By the end of October I’d finished 51 books this year – this despite not finishing one single book in the month of September!! You’d think with all that time in airports and planes I would have, but nope, not one. I did start one though and it was the first one I finished in October:
This book is VERY heavy on detail. Published in 1991 Moore gives his characters many, many textures, layers and secrets. The story is set in Patpong, in the underworld of Bangkok and most of the action occurs in a nightclub where businessmen, gangsters, corrupt police and politicians, pimps and tourists interact with each other and the women who sell themselves.
Lawrence Baring is an LA Attorney who finds papers after his wife’s death suggesting that she never stopped loving another man, Tuttle. Baring is invited to Bangkok by Tuttle, who intends setting him up to lose something valuable just as he, Tuttle, had lost the girl to Baring many years ago. Set amongst the turmoil of this strange Thai society the story is about the conflict between these two characters and the change in their perceptions of each other.
The novel has a lot of descriptive atmosphere, the characters are introspective and philosophical (the book seemed longer than 270 pages!). There are many twists and turns and quite frankly when I got to the end I wasn’t really sure what the ending was.
This was not really a metro train book as it required more concentration than I like to give while commuting. I have since finished the second book in the trilogy (November) and found it much easier going but you need the background of this book first.
*** Private: James Patterson & Maxine Paetro. A good commuting book – short chapters; short attention span required. Patterson/Paetro (I wonder how much Patterson actually writes himself) introduces a new character, Jack Morgan.
*** Still Missing: Debut novel by Chevy Stevens. This is written as a series of psychiatric sessions of a woman who is kidnapped, held captive and forced into routines we’d rather not think about. It took me a while to get into and then it drifted occasionally but it made a good commuting book. Interesting plot twist near the end.

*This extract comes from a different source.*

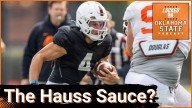 REPORT: Oklahoma State's Hauss Hejny EXPECTED To Win QB Battle Again?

*** Bitterroot: A Novel – James Lee Burke. Billy Bob Holland is an ex Texas Ranger who accidentally killed his best friend in Mexico. Now Billy Bob, full of guilt, sees L.Q. Navarro’s ghost and has conversations with him which affects his ability to form relationships with the living. Billy Bob visits old friend Doc Voss in Bitterroot, Montana and gets caught up in Doc’s war with local militia bikers and a mining company. Billy Bob Holland is the type of character who believes in justice but not necessarily within the law. This book was 480 pages long but it was a quick read.
**** Comedy in a Minor Key by Hans Keilson. Keilson is a German Jew who survived WWII hiding in Holland. This book is one of two novels Keilson began writing during the war – the other is Death of the Adversary which is on my to-read pile. After the war Keilson became a psychiatrist and published the first systemic study of the trauma children experienced under Nazi persecution.
This book is about a Dutch couple agreeing to hide a Jewish man who dies whilst they are sheltering him. It is only from the couple’s point of view; we never find out anything about the man, what he is thinking or feeling. There is really nothing humorous about the story but there is plenty of irony and black absurdest comedy. It is a short book (144 pages), it’s lean, engaging and well worth reading.